Now I did take issue with Viola in Chapter 9, "Stripping Down to Christ Alone: Revising the Holy Spirit's Ministry." I read this chapter wrongly every time, and I believe it's because I don't share Viola's history - I'm not "post-Charismatic" as he labels himself. Perhaps if I had a similar background to Viola's, this chapter would make a great deal of sense to me, or even seem necessary. But as it is it seems, at best, off. So when he includes the following sentence in the chapter, "To my mind, the Holy Spirit has but one job: to reveal, to make known, to magnify, to glorify, and to make central and supreme the Lord Jesus Christ," I cringe. (And what bothers me about the sentence is the phrase, "has but one job.") Most likely, I am quibbling. But it doesn't seem an apt description of "the Lord, the Giver of Life," or comprehend the Orthodox prayer "O Heavenly King ..." If we must talk about the Holy Spirit having "but one job," it is important to understand that this one job is the same one job the Father and the Son are busy about - the restoration of all things, reconciliation, redemption. Of course, speaking about the Most Holy Trinity makes me nervous to begin with because I fear we often err by saying more than we ought to, that we speak of things too great and marvelous for us.
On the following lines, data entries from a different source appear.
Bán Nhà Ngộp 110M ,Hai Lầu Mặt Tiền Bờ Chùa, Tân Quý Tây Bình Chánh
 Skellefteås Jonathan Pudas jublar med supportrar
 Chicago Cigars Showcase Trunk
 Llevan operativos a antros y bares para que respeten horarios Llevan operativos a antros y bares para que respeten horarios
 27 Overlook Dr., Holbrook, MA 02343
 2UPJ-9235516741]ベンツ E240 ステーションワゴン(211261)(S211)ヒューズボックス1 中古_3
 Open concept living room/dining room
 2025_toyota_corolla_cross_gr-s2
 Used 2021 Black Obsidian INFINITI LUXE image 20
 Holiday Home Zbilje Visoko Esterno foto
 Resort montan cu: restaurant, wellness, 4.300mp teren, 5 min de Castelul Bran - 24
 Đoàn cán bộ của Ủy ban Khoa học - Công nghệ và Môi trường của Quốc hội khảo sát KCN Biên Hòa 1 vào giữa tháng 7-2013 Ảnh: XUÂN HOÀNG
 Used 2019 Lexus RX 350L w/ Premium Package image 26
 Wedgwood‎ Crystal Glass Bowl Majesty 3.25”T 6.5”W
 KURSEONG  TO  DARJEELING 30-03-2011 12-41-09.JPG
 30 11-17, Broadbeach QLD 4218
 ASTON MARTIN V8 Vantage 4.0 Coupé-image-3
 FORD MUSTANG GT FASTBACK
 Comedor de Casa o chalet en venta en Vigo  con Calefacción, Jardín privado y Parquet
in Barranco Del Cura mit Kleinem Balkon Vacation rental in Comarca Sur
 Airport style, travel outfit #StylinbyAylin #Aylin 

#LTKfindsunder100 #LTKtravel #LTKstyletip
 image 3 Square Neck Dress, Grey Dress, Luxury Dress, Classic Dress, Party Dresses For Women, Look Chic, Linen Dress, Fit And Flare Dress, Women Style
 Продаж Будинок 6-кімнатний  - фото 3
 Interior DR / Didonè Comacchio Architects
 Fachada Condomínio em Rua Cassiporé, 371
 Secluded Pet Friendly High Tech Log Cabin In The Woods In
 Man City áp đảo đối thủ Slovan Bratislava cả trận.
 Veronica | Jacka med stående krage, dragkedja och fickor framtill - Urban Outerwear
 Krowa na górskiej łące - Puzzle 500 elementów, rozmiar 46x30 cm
Don't misunderstand, every time someone writes about more than one person of the Most Holy Trinity, I do not expect an orthodox treatise on the proper relationship between the three persons of the Godhead. But Viola sets it up in such a way that it needs to be discussed or qualified in some way because he juxtaposes Son and Spirit, and in such an arrangement there seems to this non-post-Charismatic that the push back Viola gives pushes back too hard and too far. Now his audience may need the heavy push, the shaking that says, "It's Christ." So I must assume the best and pray that it helps many others as they wrestle with their own histories. Nonetheless, the chapter deserves some clarification and needs a positive assertion about the unity of the Divine Persons rather than to do what it does - push off from one in favor of another (this is not Viola's intention, but it is my impression).

All in all, I liked Revise Us Again. I have my differences and my opinions, but the re-evaluation of "What is it we are about?" is relevant when there seems as much upheaval as stability within Evangelicalism. And it is always timely in my own life in respect to the Church, the community, within which I live and worship. There are weaknesses within the work and the project seems, in places, to reach beyond what it attains. But the thinking within the book is sound and the spirit of it leans toward restoration.